Task prompt:
When a line of the entries contains "Shocking", please list that line.

Records supplied:
════════

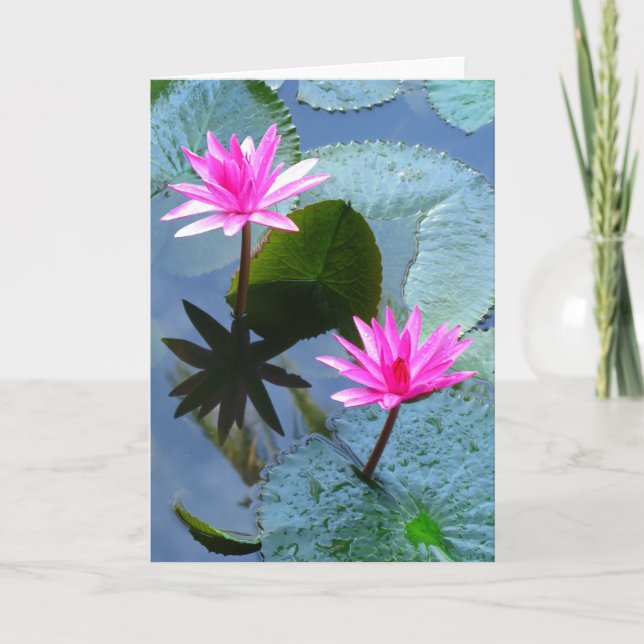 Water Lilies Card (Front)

════════

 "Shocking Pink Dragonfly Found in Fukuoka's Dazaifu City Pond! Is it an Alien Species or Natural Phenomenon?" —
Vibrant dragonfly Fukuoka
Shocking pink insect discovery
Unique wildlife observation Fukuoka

════════

Answer for this exercise:
 "Shocking Pink Dragonfly Found in Fukuoka's Dazaifu City Pond! Is it an Alien Species or Natural Phenomenon?" —
Shocking pink insect discovery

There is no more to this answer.